Task goal:
Where does the string "Park" occur in the records? Copy each line that holds it.

Data extracts:
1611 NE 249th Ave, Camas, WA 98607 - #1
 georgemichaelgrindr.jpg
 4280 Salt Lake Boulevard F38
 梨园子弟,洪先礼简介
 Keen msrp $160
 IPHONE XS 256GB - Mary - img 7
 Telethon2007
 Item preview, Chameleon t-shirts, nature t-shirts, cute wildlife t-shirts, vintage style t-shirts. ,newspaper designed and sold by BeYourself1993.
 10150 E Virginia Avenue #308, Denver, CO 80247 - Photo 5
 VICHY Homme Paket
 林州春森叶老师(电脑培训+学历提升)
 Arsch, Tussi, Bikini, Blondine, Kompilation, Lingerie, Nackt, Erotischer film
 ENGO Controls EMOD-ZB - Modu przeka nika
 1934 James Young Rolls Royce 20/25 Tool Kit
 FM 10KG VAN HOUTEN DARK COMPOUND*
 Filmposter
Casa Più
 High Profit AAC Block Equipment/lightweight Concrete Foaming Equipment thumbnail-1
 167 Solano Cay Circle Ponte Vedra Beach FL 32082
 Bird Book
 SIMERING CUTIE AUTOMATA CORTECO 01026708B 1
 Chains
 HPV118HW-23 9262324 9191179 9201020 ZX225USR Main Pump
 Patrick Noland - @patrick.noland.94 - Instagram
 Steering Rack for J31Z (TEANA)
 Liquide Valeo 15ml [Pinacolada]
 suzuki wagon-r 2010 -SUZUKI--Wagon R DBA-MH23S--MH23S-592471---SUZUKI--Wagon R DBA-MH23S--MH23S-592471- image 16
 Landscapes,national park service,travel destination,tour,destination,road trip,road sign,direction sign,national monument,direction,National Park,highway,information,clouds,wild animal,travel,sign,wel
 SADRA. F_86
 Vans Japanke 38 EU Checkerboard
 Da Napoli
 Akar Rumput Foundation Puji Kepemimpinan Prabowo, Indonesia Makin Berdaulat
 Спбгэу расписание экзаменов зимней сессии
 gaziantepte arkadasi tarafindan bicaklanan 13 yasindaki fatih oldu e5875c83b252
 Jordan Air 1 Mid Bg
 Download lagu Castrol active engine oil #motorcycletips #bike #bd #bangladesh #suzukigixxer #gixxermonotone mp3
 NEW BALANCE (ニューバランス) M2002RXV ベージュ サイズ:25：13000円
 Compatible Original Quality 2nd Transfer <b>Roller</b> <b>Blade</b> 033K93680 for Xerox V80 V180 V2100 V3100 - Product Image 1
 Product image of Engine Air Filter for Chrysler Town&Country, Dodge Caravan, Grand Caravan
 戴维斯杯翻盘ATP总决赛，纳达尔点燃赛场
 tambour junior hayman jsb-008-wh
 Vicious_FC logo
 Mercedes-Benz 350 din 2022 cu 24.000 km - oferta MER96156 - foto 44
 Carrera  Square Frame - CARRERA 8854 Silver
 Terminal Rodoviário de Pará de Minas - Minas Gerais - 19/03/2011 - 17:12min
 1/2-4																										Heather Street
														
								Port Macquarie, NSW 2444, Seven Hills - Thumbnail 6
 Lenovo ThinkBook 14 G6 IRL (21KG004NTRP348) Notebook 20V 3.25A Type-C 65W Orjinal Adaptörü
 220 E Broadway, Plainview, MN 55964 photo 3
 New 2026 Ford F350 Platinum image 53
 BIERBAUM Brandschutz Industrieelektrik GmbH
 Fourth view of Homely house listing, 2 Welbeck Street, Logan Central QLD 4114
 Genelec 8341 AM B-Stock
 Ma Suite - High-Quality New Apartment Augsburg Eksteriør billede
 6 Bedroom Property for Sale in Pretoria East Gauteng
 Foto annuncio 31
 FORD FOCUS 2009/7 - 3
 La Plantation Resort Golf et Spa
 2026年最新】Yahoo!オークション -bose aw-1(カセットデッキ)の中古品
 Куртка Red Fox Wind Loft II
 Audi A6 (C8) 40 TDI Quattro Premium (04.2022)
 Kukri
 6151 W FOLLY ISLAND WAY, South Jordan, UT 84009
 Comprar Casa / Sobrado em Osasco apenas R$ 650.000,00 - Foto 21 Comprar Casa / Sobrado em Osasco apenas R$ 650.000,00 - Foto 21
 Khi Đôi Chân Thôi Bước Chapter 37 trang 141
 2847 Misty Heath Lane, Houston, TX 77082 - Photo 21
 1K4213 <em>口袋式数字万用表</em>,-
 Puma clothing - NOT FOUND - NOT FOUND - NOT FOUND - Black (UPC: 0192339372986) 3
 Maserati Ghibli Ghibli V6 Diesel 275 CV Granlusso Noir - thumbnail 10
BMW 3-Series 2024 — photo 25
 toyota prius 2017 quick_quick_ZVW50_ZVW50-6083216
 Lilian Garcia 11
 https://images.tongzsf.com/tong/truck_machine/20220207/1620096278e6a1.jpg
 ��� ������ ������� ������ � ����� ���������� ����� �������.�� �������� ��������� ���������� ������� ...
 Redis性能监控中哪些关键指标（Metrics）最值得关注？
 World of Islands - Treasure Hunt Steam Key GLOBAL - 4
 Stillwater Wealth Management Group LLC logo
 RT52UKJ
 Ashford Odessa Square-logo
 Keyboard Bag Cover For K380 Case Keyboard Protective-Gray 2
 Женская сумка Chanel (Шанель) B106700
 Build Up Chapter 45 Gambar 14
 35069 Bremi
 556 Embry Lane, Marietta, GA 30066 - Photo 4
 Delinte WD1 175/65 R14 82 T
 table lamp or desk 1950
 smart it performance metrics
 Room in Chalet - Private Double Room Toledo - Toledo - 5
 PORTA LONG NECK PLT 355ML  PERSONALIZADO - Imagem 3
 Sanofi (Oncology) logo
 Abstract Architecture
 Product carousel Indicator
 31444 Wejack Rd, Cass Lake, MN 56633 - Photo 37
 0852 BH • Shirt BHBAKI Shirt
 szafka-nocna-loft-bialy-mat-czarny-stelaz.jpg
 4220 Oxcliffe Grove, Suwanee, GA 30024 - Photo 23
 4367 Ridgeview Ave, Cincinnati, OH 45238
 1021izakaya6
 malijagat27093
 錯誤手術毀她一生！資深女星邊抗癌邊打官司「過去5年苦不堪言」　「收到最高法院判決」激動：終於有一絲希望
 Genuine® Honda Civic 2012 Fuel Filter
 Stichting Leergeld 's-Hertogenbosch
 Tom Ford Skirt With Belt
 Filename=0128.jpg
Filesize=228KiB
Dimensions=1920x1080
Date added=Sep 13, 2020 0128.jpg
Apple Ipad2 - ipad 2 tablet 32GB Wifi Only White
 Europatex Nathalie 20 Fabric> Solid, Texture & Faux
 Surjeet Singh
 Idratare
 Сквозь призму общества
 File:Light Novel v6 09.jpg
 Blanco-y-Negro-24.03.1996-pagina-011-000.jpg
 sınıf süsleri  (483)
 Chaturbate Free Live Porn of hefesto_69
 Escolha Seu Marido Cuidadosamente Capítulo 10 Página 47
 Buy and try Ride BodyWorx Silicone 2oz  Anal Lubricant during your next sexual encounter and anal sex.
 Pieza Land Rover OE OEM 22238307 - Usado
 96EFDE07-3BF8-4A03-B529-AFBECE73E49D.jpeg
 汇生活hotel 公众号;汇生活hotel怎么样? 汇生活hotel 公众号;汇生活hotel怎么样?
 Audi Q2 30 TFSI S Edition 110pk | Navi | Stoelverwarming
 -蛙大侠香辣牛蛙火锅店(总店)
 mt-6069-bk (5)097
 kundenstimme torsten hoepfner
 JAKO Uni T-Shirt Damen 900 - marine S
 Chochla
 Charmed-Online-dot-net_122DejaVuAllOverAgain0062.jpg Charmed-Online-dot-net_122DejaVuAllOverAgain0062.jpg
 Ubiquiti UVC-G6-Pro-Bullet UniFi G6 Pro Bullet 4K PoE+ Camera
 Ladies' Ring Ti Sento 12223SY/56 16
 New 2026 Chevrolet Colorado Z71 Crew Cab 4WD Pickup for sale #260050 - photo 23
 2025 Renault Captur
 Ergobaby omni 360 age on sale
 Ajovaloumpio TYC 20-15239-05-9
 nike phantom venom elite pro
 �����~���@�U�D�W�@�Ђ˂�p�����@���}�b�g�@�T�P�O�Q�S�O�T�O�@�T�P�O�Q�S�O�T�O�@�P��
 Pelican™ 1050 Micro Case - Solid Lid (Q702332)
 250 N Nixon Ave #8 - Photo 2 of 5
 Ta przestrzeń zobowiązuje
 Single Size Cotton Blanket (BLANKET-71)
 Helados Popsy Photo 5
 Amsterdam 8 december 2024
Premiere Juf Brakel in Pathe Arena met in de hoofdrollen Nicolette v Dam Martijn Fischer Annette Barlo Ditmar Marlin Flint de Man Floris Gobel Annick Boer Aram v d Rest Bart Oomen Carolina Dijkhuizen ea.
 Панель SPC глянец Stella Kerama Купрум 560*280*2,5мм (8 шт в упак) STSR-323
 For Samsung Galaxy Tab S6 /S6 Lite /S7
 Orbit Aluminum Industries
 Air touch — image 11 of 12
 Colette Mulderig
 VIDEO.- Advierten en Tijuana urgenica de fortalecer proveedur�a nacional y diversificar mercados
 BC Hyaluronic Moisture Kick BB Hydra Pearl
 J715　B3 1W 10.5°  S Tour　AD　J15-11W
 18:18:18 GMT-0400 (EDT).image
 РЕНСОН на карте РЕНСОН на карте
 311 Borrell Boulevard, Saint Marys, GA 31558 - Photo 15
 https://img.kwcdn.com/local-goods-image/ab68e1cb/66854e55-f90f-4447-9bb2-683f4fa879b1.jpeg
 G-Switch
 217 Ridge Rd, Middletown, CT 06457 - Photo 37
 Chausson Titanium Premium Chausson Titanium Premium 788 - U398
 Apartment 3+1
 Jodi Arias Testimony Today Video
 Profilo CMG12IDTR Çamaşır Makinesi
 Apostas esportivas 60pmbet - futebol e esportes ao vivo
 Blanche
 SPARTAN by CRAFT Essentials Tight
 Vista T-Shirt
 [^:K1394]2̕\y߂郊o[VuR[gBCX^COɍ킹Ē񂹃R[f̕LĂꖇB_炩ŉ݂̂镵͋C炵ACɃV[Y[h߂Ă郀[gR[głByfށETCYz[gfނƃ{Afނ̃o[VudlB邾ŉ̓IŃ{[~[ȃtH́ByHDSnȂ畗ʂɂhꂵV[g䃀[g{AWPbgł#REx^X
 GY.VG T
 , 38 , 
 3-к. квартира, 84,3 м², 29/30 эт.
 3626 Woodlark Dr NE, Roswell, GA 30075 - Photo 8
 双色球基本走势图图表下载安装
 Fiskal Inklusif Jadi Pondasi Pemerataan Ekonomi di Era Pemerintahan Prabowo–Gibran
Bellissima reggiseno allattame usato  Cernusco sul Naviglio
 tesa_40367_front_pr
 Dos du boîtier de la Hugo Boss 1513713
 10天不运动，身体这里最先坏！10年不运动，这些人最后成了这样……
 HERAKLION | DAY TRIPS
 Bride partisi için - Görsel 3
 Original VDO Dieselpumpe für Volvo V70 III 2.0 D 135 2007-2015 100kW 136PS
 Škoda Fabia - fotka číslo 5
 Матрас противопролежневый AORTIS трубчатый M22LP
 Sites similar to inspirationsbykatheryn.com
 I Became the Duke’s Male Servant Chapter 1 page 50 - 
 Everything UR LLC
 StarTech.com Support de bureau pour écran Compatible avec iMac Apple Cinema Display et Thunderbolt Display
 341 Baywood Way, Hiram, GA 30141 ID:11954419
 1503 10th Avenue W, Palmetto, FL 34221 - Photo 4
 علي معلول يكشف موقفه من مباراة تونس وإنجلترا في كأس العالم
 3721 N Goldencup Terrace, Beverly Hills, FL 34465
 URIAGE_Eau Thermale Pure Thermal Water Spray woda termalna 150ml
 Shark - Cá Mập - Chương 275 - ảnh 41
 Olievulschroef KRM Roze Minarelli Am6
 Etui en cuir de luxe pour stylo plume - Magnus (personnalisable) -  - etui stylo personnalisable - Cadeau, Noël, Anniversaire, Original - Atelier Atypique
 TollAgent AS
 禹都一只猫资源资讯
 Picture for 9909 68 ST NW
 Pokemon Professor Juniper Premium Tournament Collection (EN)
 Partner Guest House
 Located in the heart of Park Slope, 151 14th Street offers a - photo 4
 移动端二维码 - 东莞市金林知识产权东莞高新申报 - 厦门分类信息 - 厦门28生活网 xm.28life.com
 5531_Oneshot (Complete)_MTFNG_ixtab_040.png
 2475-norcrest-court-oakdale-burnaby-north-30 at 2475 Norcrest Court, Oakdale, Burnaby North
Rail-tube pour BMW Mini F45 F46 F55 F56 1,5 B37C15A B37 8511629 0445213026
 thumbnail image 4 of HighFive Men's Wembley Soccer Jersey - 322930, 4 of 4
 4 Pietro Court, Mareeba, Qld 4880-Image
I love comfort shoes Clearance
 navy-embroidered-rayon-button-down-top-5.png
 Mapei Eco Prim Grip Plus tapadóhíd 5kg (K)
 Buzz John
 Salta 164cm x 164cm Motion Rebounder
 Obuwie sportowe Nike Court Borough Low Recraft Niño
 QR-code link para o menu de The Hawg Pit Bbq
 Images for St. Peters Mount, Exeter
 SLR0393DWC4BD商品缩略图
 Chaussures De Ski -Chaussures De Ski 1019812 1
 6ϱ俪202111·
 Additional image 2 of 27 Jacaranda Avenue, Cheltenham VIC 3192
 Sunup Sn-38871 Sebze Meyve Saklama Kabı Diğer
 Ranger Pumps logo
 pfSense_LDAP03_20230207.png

Solved problem:
 Landscapes,national park service,travel destination,tour,destination,road trip,road sign,direction sign,national monument,direction,National Park,highway,information,clouds,wild animal,travel,sign,wel
 Located in the heart of Park Slope, 151 14th Street offers a - photo 4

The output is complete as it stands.